[Short descriptive text snippets]
········
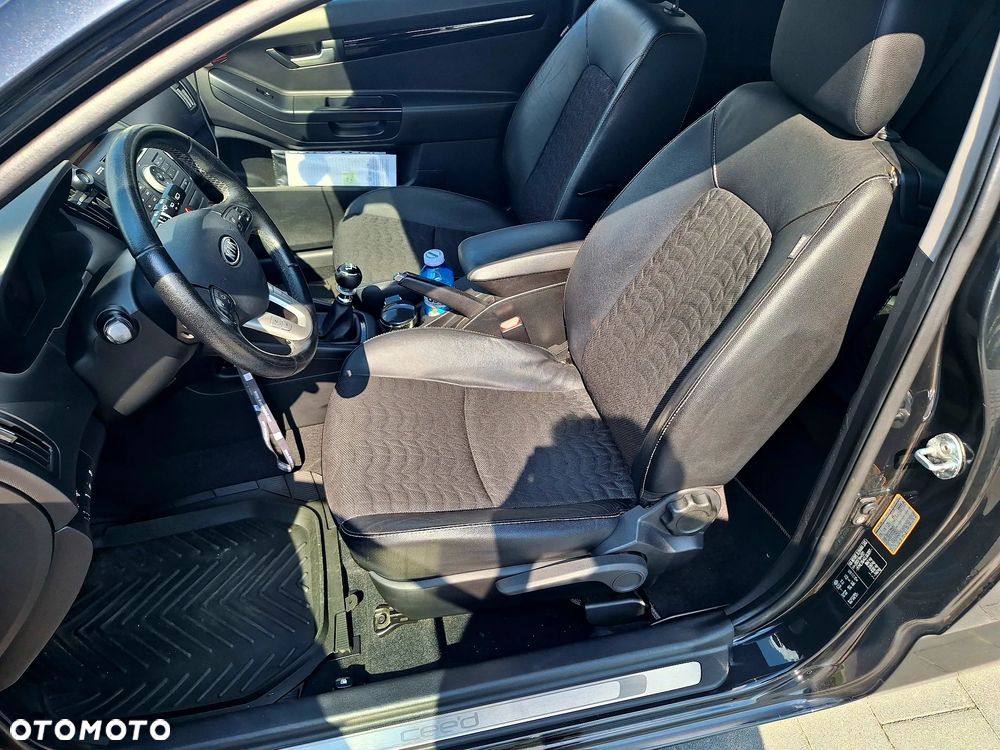 Kia ProCeed 1.6 Crdi Comfort + - 13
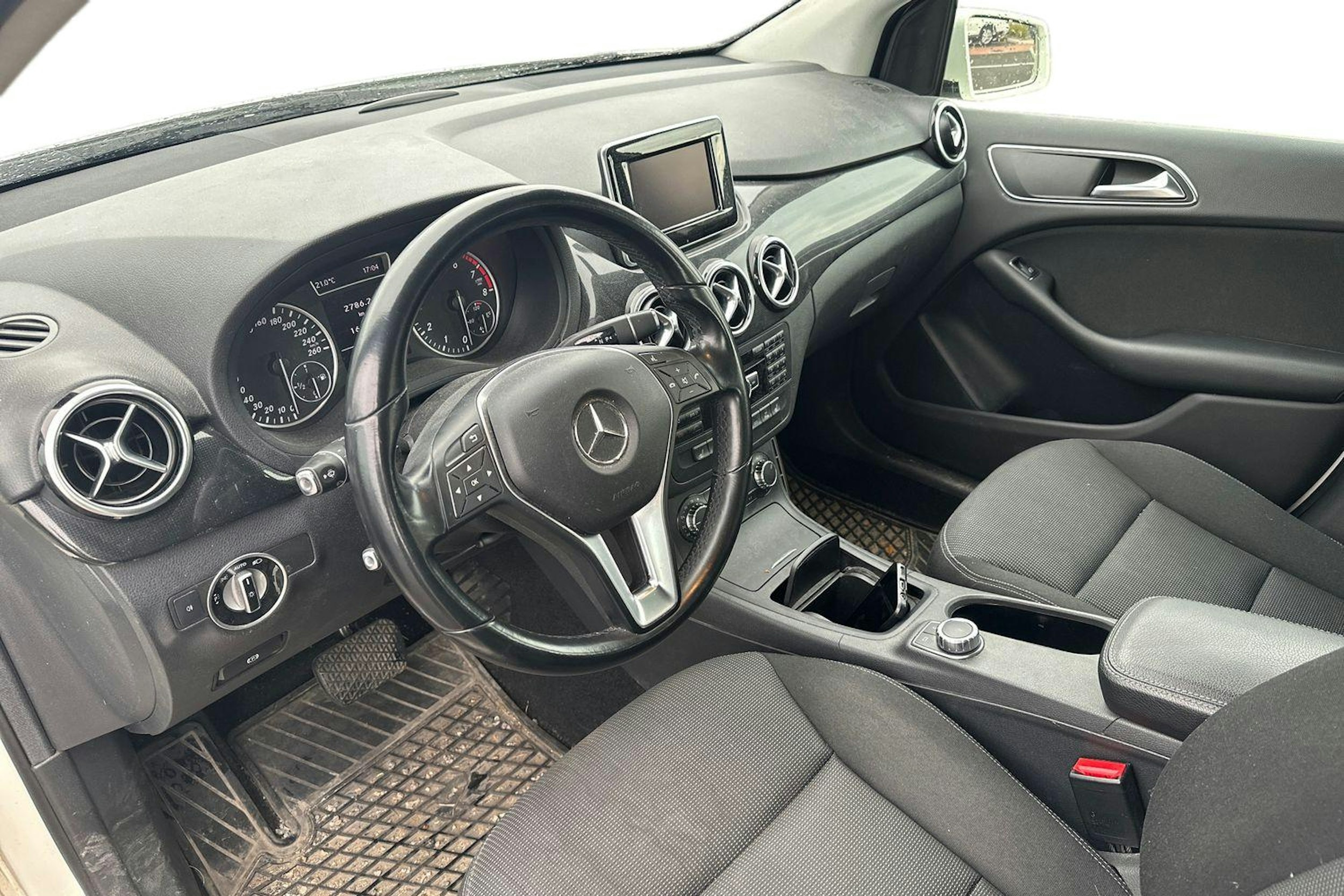 valkoinen Mercedes-Benz B 2013 kuva 3.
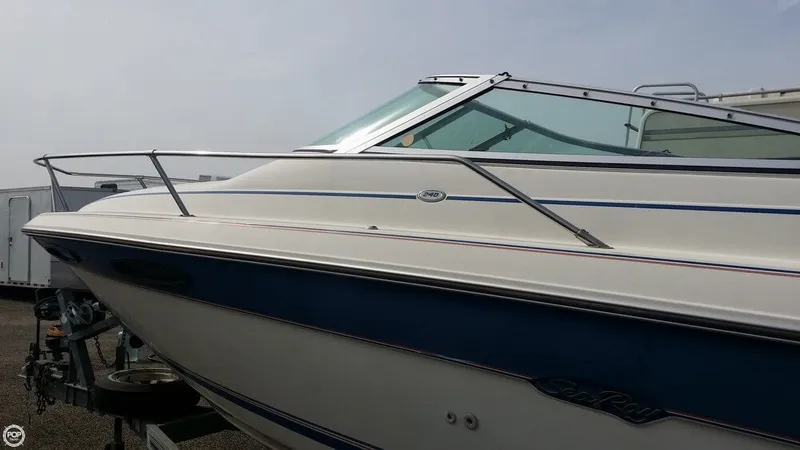 Slide: The Image of Sea Ray 240 Overnighter 1993 - 1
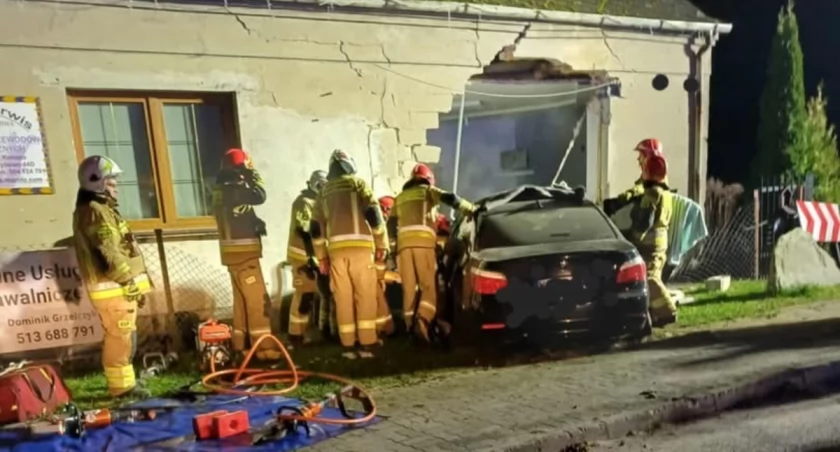 BMW wbiło się w dom. Co się stało?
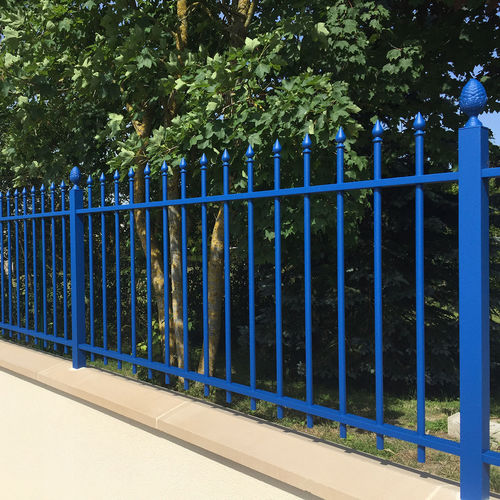 Clôture à barreaudage - MONCONTOUR - Kostum - de jardin / en aluminium / droite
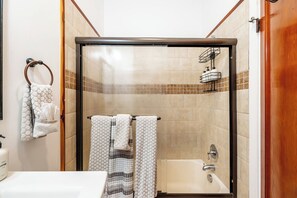 Shower, towels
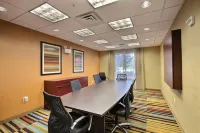 Fairfield Inn & Suites Milwaukee Airport Отели в г. Ок Крик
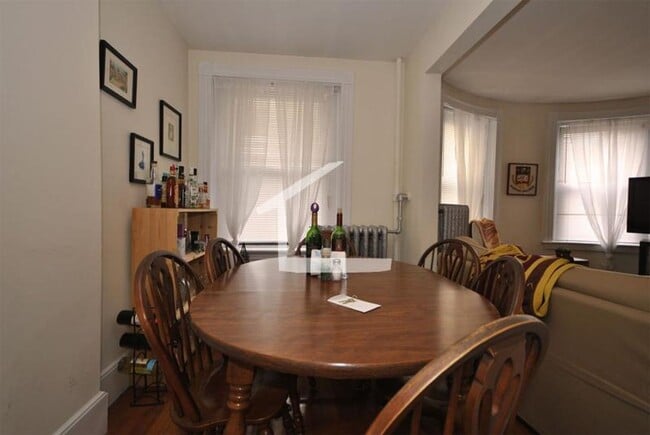 Photo - NIce 4 bed in Washington Square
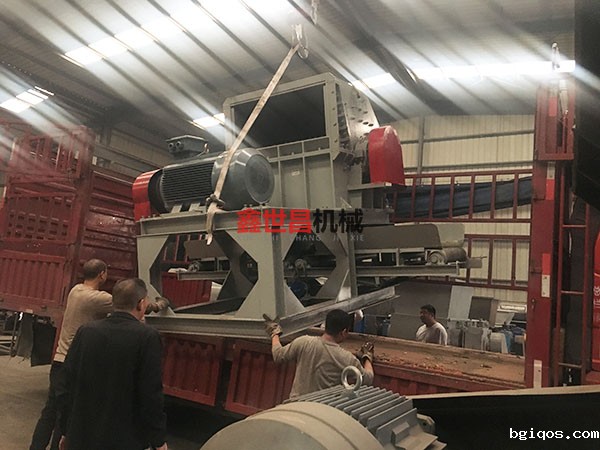 河南周口发货1300型铝箔破碎机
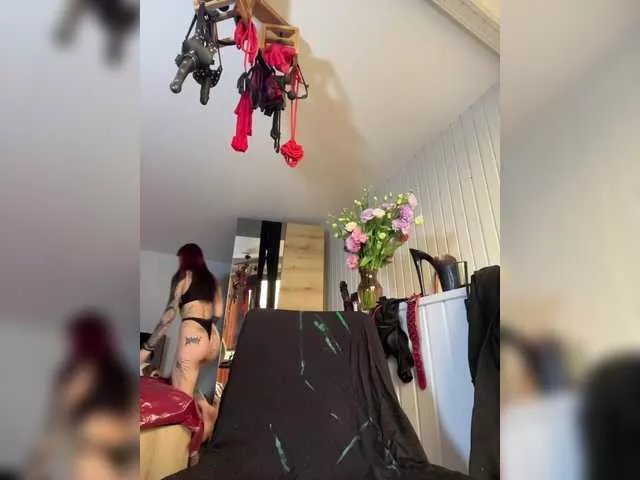 Lina69Goddesssss on BongaCams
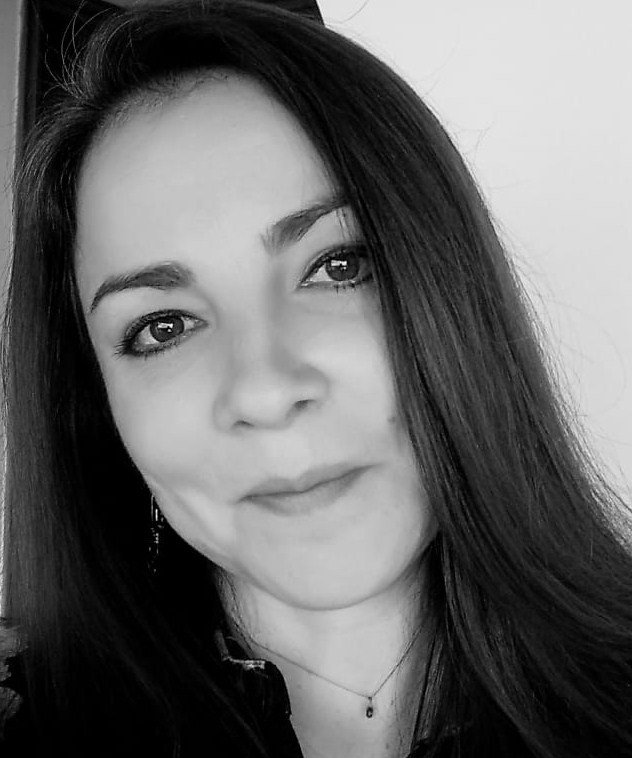 ADRIANA KRAMARSKI SALAZAR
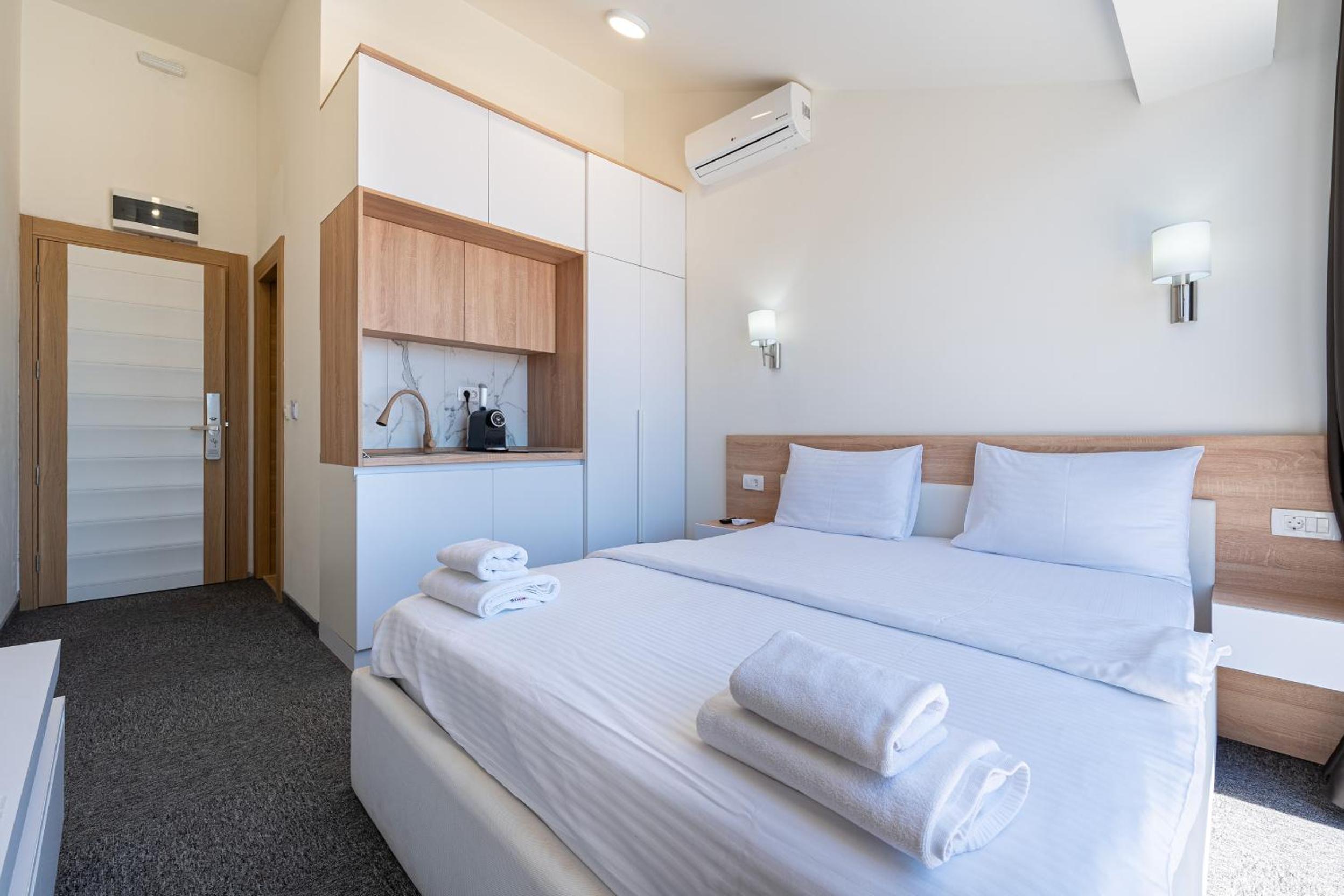 Deluxe Double Room with Balcony and Sea View photo 2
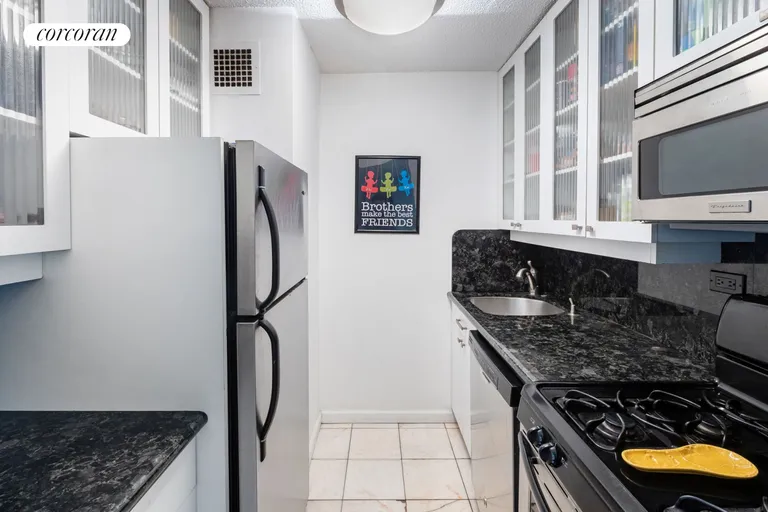 New York City Real Estate | View 301 East 79th Street, 26S | Renovated Kitchen | View 7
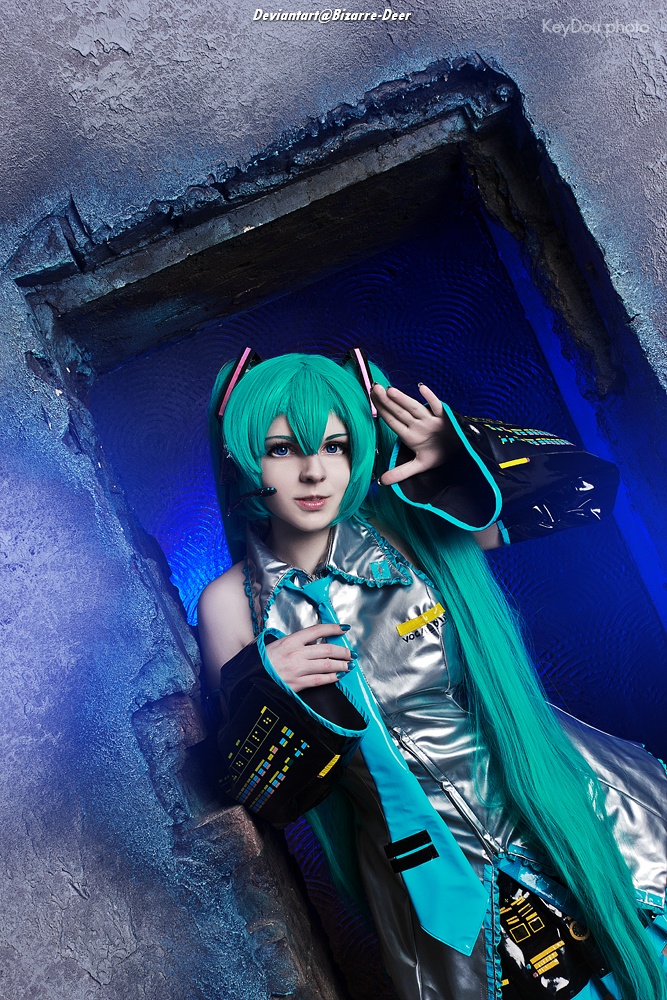 Vocaloid - Hatsune Miku Cosplay full body character photo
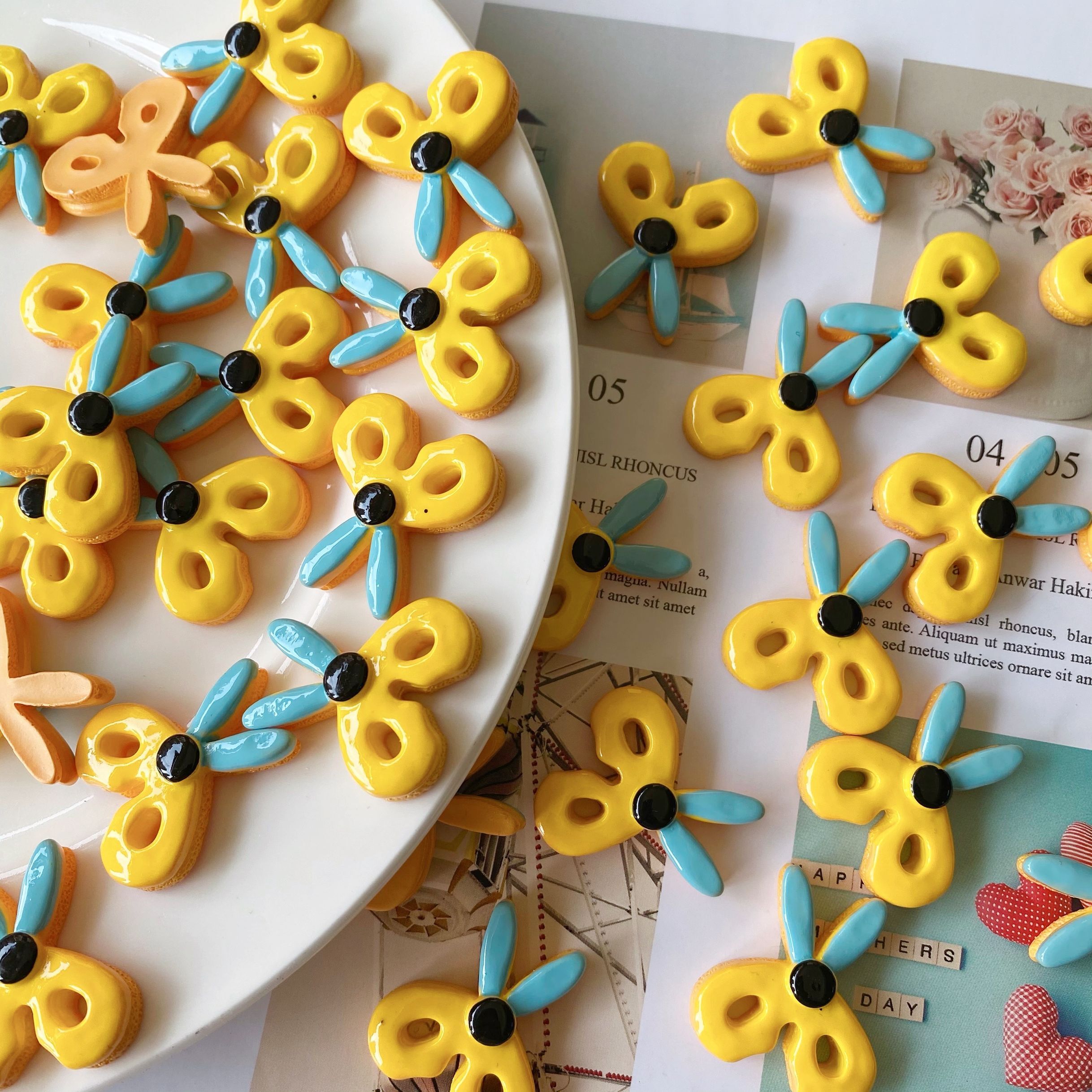 创意卡通亮面小剪刀树脂配件 手机壳奶油胶diy材料滴胶发饰配件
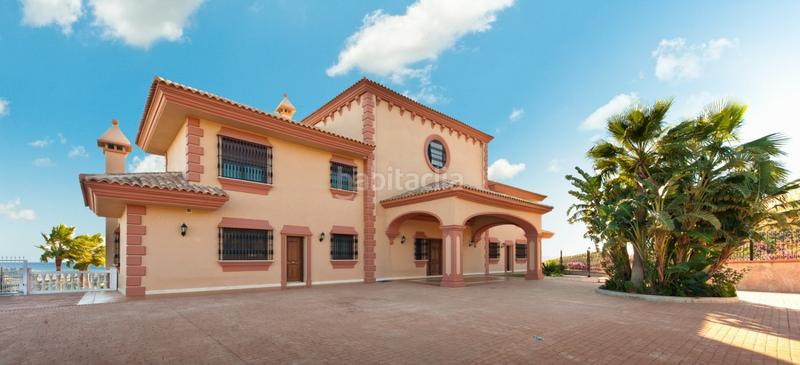 Foto b29e6d8b-15dc-4b86-8e16-315e9c65d9e8. Xalet amb calefacció aparcament piscina a la cala Mijas Mijas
········
How to complete this task
Copy the records above exactly, leaving out every picture.

Written response
 Kia ProCeed 1.6 Crdi Comfort + - 13
 valkoinen Mercedes-Benz B 2013 kuva 3.
 Slide: The Image of Sea Ray 240 Overnighter 1993 - 1
 BMW wbiło się w dom. Co się stało?
 Clôture à barreaudage - MONCONTOUR - Kostum - de jardin / en aluminium / droite
 Shower, towels
 Fairfield Inn & Suites Milwaukee Airport Отели в г. Ок Крик
 Photo - NIce 4 bed in Washington Square
 河南周口发货1300型铝箔破碎机
 Lina69Goddesssss on BongaCams
 ADRIANA KRAMARSKI SALAZAR
 Deluxe Double Room with Balcony and Sea View photo 2
 New York City Real Estate | View 301 East 79th Street, 26S | Renovated Kitchen | View 7
 Vocaloid - Hatsune Miku Cosplay full body character photo
 创意卡通亮面小剪刀树脂配件 手机壳奶油胶diy材料滴胶发饰配件
 Foto b29e6d8b-15dc-4b86-8e16-315e9c65d9e8. Xalet amb calefacció aparcament piscina a la cala Mijas Mijas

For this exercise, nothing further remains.